Statistical data by their very nature are indeterminate in the sense that if one repeated the process of collecting the data the new data set would be somewhat different from the original. Therefore, a statistical method, a map $\Phi$ taking a data set $x$ to a point in some space F, should be stable at $x$: Small perturbations in $x$ should result in a small change in $\Phi(x)$. Otherwise, $\Phi$ is useless at $x$ or -- and this is important -- near $x$. So one doesn't want $\Phi$ to have "singularities," data sets $x$ such that the the limit of $\Phi(y)$ as $y$ approaches $x$ doesn't exist. (Yes, the same issue arises elsewhere in applied math.) However, broad classes of statistical methods have topological obstructions of continuity: They must have singularities. We show why and give lower bounds on the Hausdorff dimension, even Hausdorff measure, of the set of singularities of such data maps. There seem to be numerous examples. We apply mainly topological methods to study the (topological) singularities of functions defined (on dense subsets of) "data spaces" and taking values in spaces with nontrivial homology. At least in this book, data spaces are usually compact manifolds. The purpose is to gain insight into the numerical conditioning of statistical description, data summarization, and inference and learning methods. We prove general results that can often be used to bound below the dimension of the singular set. We apply our topological results to develop lower bounds on Hausdorff measure of the singular set. We apply these methods to the study of plane fitting and measuring location of data on spheres. This is not a "final" version, merely another attempt.

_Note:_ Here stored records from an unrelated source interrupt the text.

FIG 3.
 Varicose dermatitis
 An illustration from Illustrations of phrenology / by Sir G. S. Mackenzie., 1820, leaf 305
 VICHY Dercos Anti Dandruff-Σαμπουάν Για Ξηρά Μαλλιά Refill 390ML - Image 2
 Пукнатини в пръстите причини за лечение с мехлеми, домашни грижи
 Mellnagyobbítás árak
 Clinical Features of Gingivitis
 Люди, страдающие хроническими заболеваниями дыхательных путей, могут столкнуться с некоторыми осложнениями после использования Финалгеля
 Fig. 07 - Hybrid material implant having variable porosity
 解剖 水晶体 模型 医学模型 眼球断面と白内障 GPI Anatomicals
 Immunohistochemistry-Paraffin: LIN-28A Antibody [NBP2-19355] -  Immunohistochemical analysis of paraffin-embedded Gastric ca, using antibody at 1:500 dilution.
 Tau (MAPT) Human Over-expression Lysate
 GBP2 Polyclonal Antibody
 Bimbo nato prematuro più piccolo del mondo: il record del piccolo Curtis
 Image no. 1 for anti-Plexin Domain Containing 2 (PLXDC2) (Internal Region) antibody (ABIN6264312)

翻译：统计数据本质上是非确定性的，因为如果重复数据收集过程，新数据集与原始数据集会有所不同。因此，一种统计方法——将数据集$x$映射到某空间$F$中一个点的映射$\Phi$——应在$x$处保持稳定：$x$的微小扰动应导致$\Phi(x)$的微小变化。否则，$\Phi$在$x$处——且重要的是——在$x$附近将毫无用处。因此，我们不希望$\Phi$存在“奇异性”，即数据集$x$使得当$y$趋近于$x$时$\Phi(y)$的极限不存在。（是的，应用数学的其他领域也存在同样的问题。）然而，广泛的统计方法类别存在拓扑连续性的障碍：它们必然具有奇异性。我们阐释了其原因，并给出了此类数据映射的奇异集豪斯多夫维数甚至豪斯多夫测度的下界。似乎存在大量实例。我们主要运用拓扑方法来研究定义在“数据空间”稠密子集上、取值于具有非平凡同调性的空间中的函数的（拓扑）奇异性。至少在本著作中，数据空间通常是紧流形。我们的目标是深入理解统计描述、数据摘要、推理及学习方法的数值条件性。我们证明了可用于界定奇异集维数下界的一般性结论。利用拓扑结果，我们推导了奇异集豪斯多夫测度的下界。我们将这些方法应用于平面拟合和球面数据位置测量研究。这并非“最终”版本，仅为又一次尝试。